Jesús fue perseguido y crucificado por ser testigo de la verdad y él mismo nos anunció que otro tanto sucedería con sus discípulos. Y así es. Basta con mirar a tantos hermanos que hoy mismo están pasando por lo que Cristo nos anunció: encarcelamientos, abusos, persecuciones e incluso la muerte, a veces en forma de masacres sólo por el “delito” de ser cristianos.
Todos estos casos ocurridos en nuestros propios días han manchado nuestro pueblo con la sangre de los mártires: “Todo el mundo los odiará por causa mía” dice el Señor. Odio, violencia, crueldad y otros abusos son los viles recursos de los que se vale el maligno para hacernos dudar del triunfo que ya nos ha merecido el Señor. Pero debemos mantenernos firmes en la fe y confiar en la protección de Cristo: “Manténganse firmes, para poder salvarse.” La recompensa no es en la tierra sino en el cielo; pero será una recompensa gloriosa.
Sólo el Señor puede darnos la gracia de mantenernos firmes en la fe ante las contrariedades de la vida. En primer lugar, hay que esperar plenamente en Dios, saber que la fuerza nos viene de él, confiar ciegamente en él y más bien desconfiar de nosotros mismos y de nuestras “capacidades”, que siempre son defectuosas e insuficientes.

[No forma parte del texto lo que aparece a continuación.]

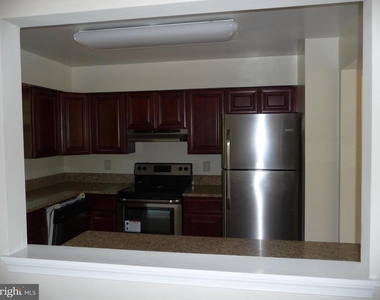 7665 Sheffield Village Lane - Photo Thumbnail 7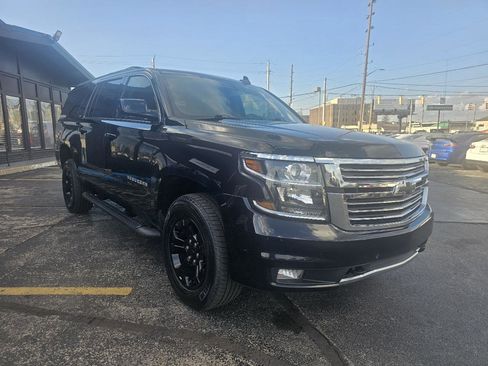 Used 2019 Chevrolet Suburban LT AWD/4WD image 3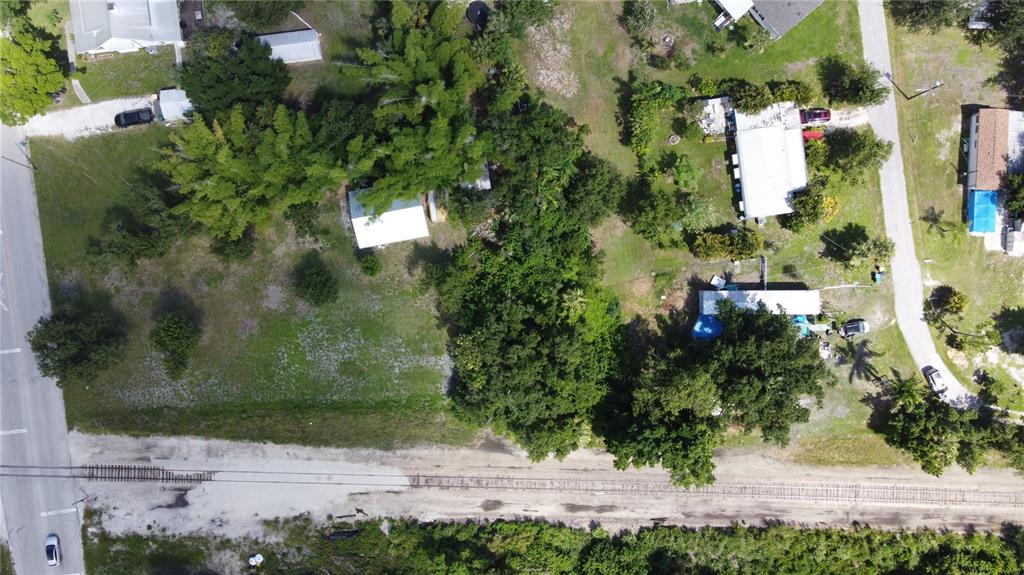 1605 GRIFFITH AVENUE, PUNTA GORDA, FL — photo 3 of 4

Pobres de aquellos que esperan vivir sin dificultades, sin dolores ni sufrimientos. ¡Aún no hemos alcanzado el cielo! Pero, en medio de todo esto, tenemos que pedirle a Dios que derrame su gracia sobre nosotros, pues la supuesta “libertad” y la naturaleza humana vendida al pecado suelen jugarnos malas pasadas. El Señor está siempre esperando nuestra respuesta afirmativa: “Sí quiero, Señor”, una afirmación que debe ir acompañada del amor y el deseo de adquirir e imitar las virtudes de Cristo. Sólo él puede ser el agua que sacie nuestra sed, el bálsamo que cure nuestras heridas espirituales, la luz que ilumine nuestros pasos. Sólo él puede darnos “palabras llenas de sabiduría que no podrán contradecir nuestros adversarios.”
Quiera el Señor que, ante cada dificultad en el camino, veamos las huellas de sus pasos, que va por delante y que, como buen Maestro, ya ha experimentado en su persona todo lo que tengamos que padecer nosotros.
“Amado Señor, te ruego que me infundas tu poder para ser tu discípulo y oponerme a todo lo engañoso y pecaminoso que me ofrece el mundo.”